2. Reboot the ECS instance to ensure all services and cgroups are reinitialized:
   ```bash
   sudo reboot
   ```

**Verification**
- After reboot, check the systemd version:
  ```bash
  rpm -qa systemd
  ```
  Ensure it is `systemd-239-68.0.2.al8.1` or higher.
- Launch a GPU-enabled container and run:
  ```bash
  nvidia-smi
  ```
- Expected output: Successful display of GPU information inside the container.
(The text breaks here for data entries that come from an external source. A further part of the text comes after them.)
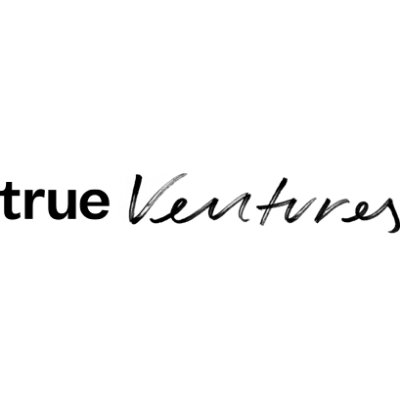 True Ventures logo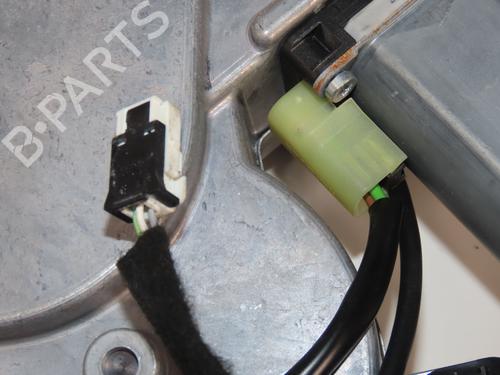 Modulo electronico CITROËN C5 III Break (RW_) 2.0 HDi 165 (163 hp) 32768111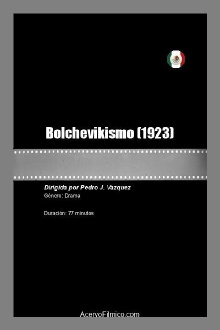 Bolchevikismo Trailer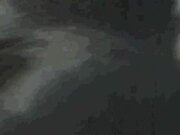 花言巧语哄骗学院派极品骚妹纸开房做爱 妹纸娇嫩可爱招操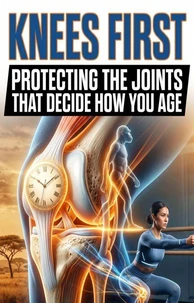 Knees First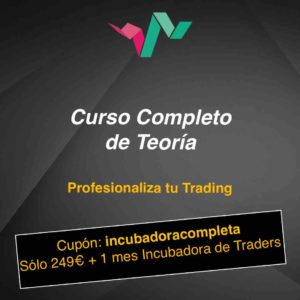 Curso Completo de Teoría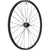 DT Swiss G 1800 Spline db Dynamo Front Wheel 700c 12x100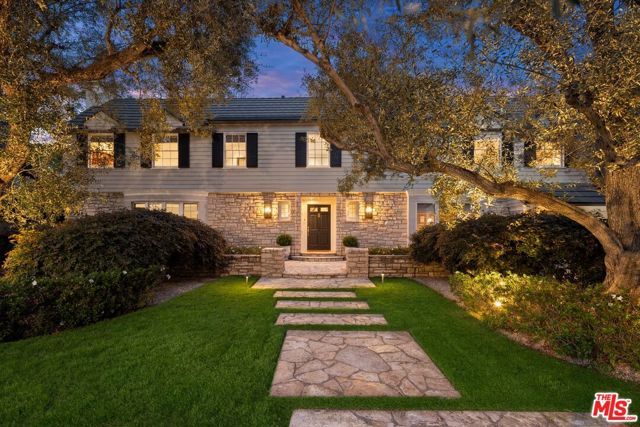 10339 Glenbarr Avenue, Los Angeles, CA 90064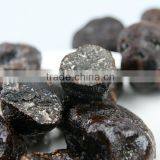 Wild Raw Material Black Truffle Mushrooms thumbnail-2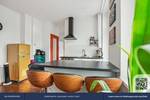Etagenwohnung Leipzig Zentrum-Ost - 2 Zimmer, 1.376&euro; | Angebot:26678849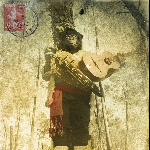 Romain Baudoin – 1 Primate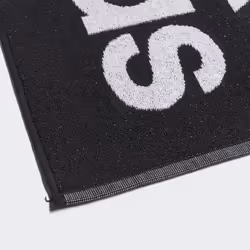Adidas Towel Large - Additional view 5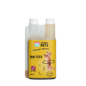 Excellent Pets Dog Flex 500 ml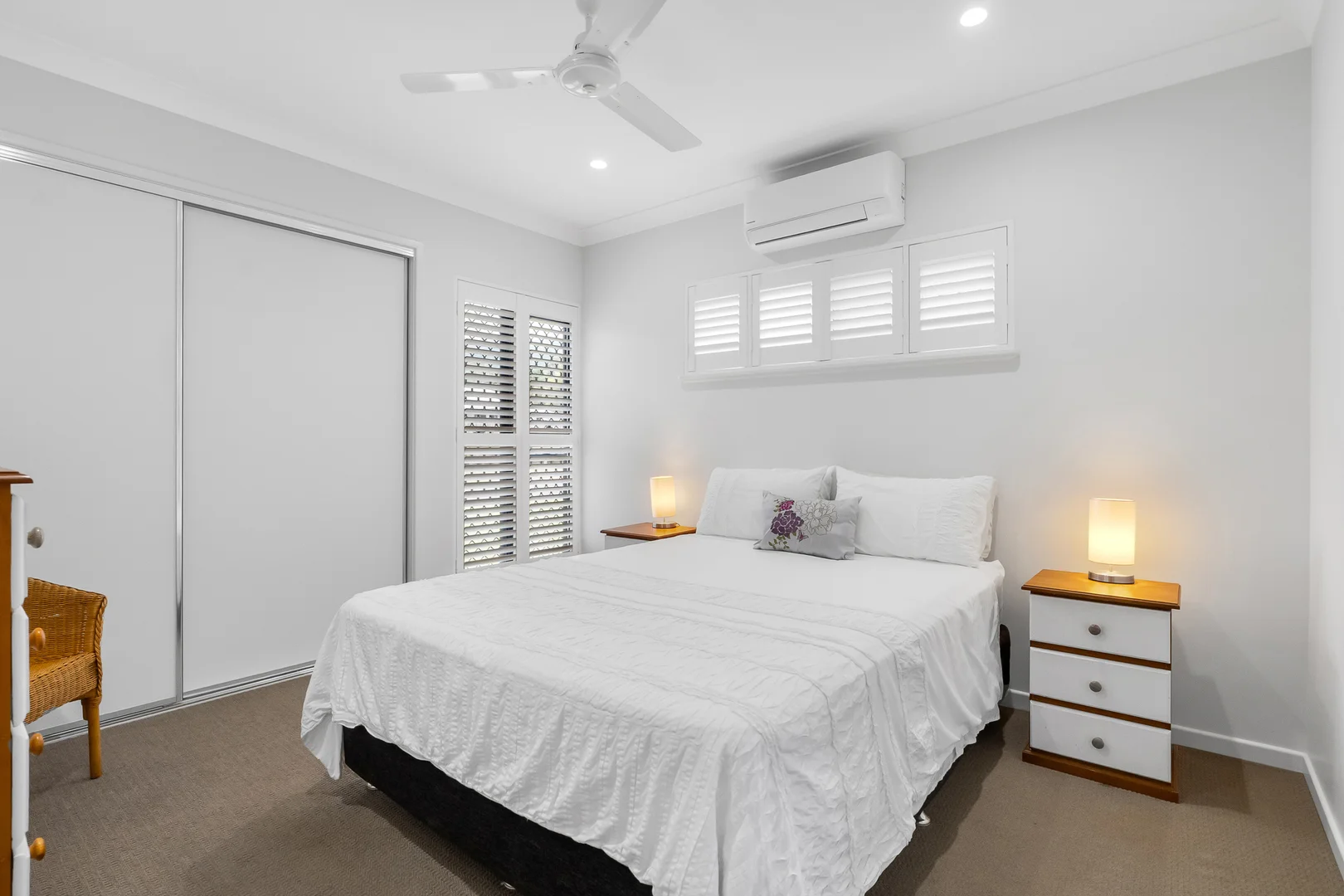 Additional image 8 of 6 Musgrave Street, Smithfield QLD 4878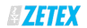 ZETEX公司官网介绍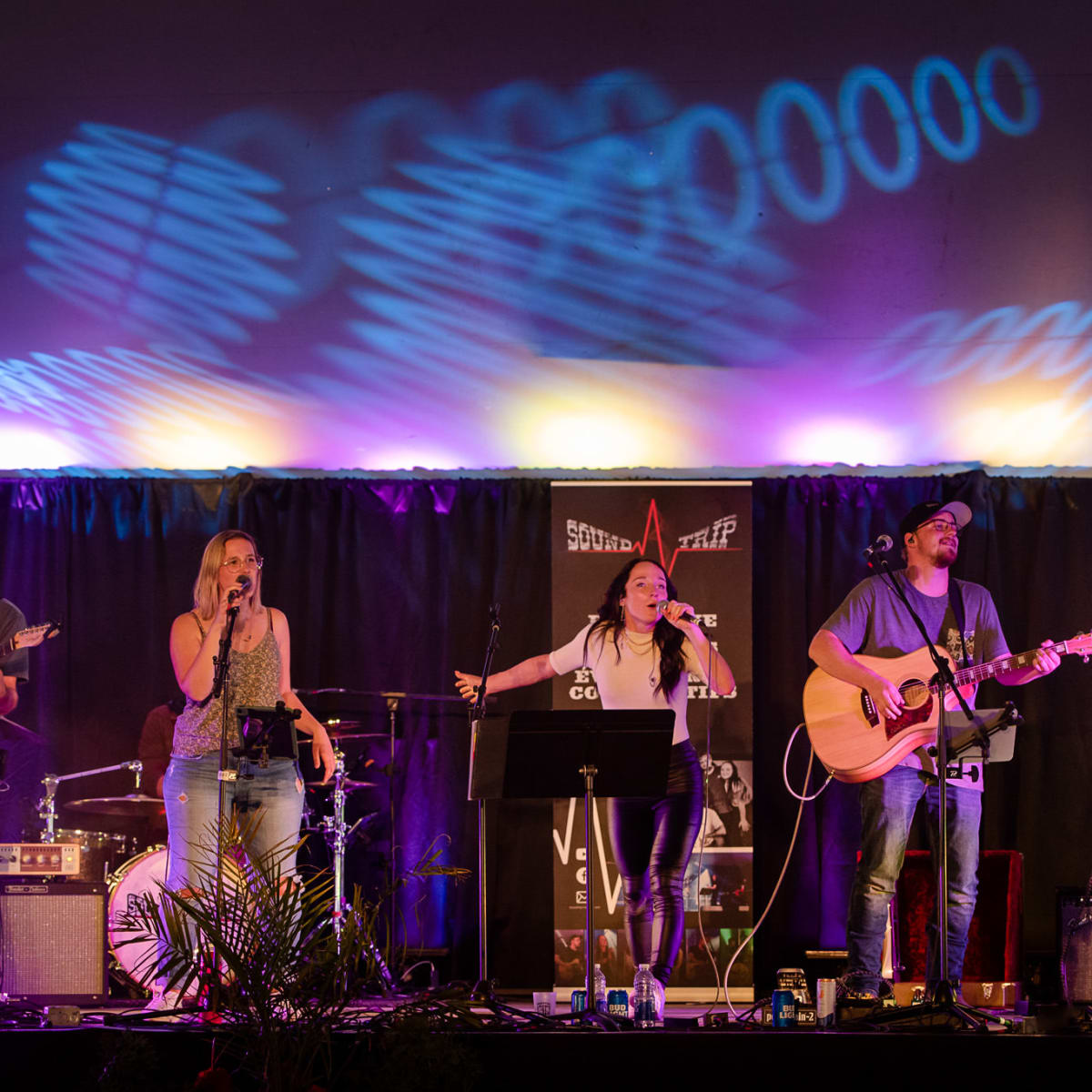 st_pierre_baptiste_en_fete_1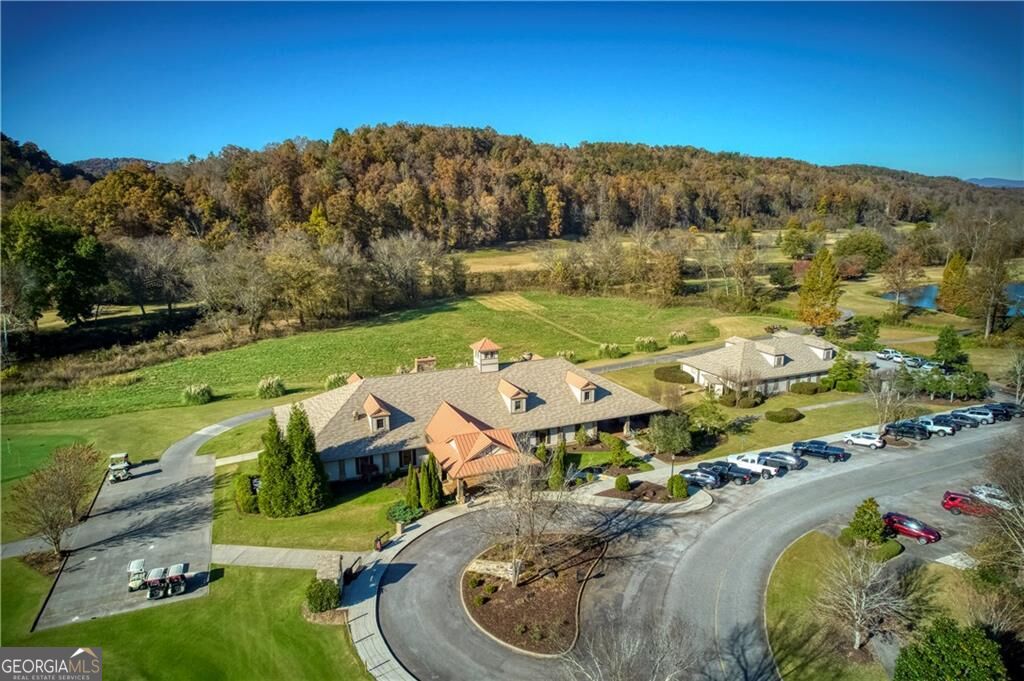 9 Cavender Run Property Photo 46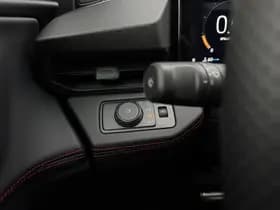 Ford Puma 1.0 Turbo 125pk Mild Hybride ST-Line X Automaat | full options | panorama dak | 19 inch | driver assistance pack | 360 graden camera | blis | winterpack | adaptieve cruise. | uit voorraad leverbaar! | fantastic red thumbnail 21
### Problem 3: GPU Performance Degradation or Runtime Errors

**Symptoms**
- Error messages:
  - `GPU_TIMEOUT`: GPU task exceeded expected execution time
  - `OUT_OF_MEMORY`: Unable to allocate required GPU memory
  - `DRIVER_ERROR`: General GPU driver malfunction during computation
- Behavior: Training jobs hang, inference latency spikes, or applications crash unexpectedly
- Context: During AI/ML workloads, especially with large models or high batch sizes

**Root Cause**
- `GPU_TIMEOUT`: Often caused by driver hangs due to bugs or thermal throttling.
- `OUT_OF_MEMORY`: Workload exceeds available GPU memory (VRAM).
- `DRIVER_ERROR`: Outdated, incompatible, or corrupted NVIDIA driver.

**Solution**
1. **For `OUT_OF_MEMORY`**:
   - Reduce model batch size or use gradient checkpointing.
   - Monitor memory usage before scaling:
     ```bash
     nvidia-smi --query-gpu=memory.used,memory.total --format=csv
     ```
2. **For `GPU_TIMEOUT` or `DRIVER_ERROR`**:
   - Update to the latest stable NVIDIA driver supported by Alibaba Cloud Linux.
   - Check system logs for hardware issues:
     ```bash
     dmesg | grep -i nvidia
     ```
   - Ensure adequate cooling and power supply; monitor temperature:
     ```bash
     nvidia-smi --query-gpu=temperature.gpu --format=csv
     ```
3. Enable persistent mode for stability (optional):
   ```bash
   sudo nvidia-smi -pm 1
   ```

**Verification**
- Run a representative workload and monitor metrics:
  ```bash
  watch -n 1 nvidia-smi
  ```
- Expected behavior: Stable utilization, no error messages, memory usage within limits, and temperature below throttling thresholds (typically < 85°C).

## FAQ

**Q: How do I check if my GPU driver is compatible with the current kernel?**  
A: Run `modinfo /lib/modules/$(uname -r)/extra/nvidia.ko` (or similar path). If the file doesn’t exist or `modprobe nvidia` fails, the driver is not built for the current kernel. Rebuild using DKMS as described in Problem 1.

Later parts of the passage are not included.